The group includes representatives from Reef Catchments, DAFF (Department of Agriculture, Fisheries and Forestry), GBRMPA, Mackay Regional Council, Whitsunday Regional Council, Isaac Regional Council and the regional Landcare groups (Pioneer, Sarina and Whitsunday).

The aim of the group is to develop and share information about current and future wetland activities that are happening locally, as well as identifying partnerships to add value to these projects. The group will also work together to develop and promote communication and awareness raising products (videos) and events (wetland field days).

Wetlands (areas of the land where water covers the soil) are some of the most diverse and important environmental assets in the region.

Wetlands can be both natural or constructed and deliver a realm of benefits, including:

  • Provide protection from the marine environment to the land and shore and reduce the impacts of floods
  • Provide critical sites for biodiversity, providing habitat for plants and animals, including many migratory, juveniles native fish species and some regionally iconic species such as the rare Black Necked Stork

Wetland types are diverse and can include rivers, swamps, lakes, lagoons, mudflats, mangroves and even coral reefs.
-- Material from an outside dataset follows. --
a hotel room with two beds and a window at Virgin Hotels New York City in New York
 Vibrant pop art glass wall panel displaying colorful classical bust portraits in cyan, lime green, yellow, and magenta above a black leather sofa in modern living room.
Two key projects being overseen by the Wetland Working Group include the rehabilitation of De Moleyns Lagoon, a natural wetland located in the Pioneer Valley near Mirani, and a constructed wetland located at Blacks Beach, north of Mackay.

View Stage 1 Activity Videos for these projects below.

De Moleyns Lagoon

De Moleyns Lagoon is a natural wetland located in the Pioneer Valley near Mirani. Through seed funding in 2012-13 from the Queensland Wetlands program, DAFF (Department of Agriculture, Fisheries and Forestry) partnered with Reef Catchments and Mackay Regional Council to initiate on-ground works to rehabilitate the wetland and surrounding buffer. This partnership approach was highly effective in planning and identifying priority activities. From here, the group collaborated further to focus on water quality, tackle rubbish and weed problems and coordinate rehabilitation, including planting 900 native trees along the northern edge of the wetland. This video has been developed to highlight the Stage 1 activities.

Blacks Beach Constructed Wetland

Constructed wetlands, designed correctly, provide a unique ability to improve the water quality of run-off that they capture. This video has been developed by DAFF and Reef Catchments to highlight the key design characteristics of a constructed wetland built in an urban development at Blacks Beach, north of Mackay. These design features are critical for wetlands constructed in both urban and agricultural settings to achieve the desired water quality improvements.

Reef Catchments is also working on an ABCD management framework for constructed wetlands to highlight further activities, including maintenance, required for the wetland to work effectively.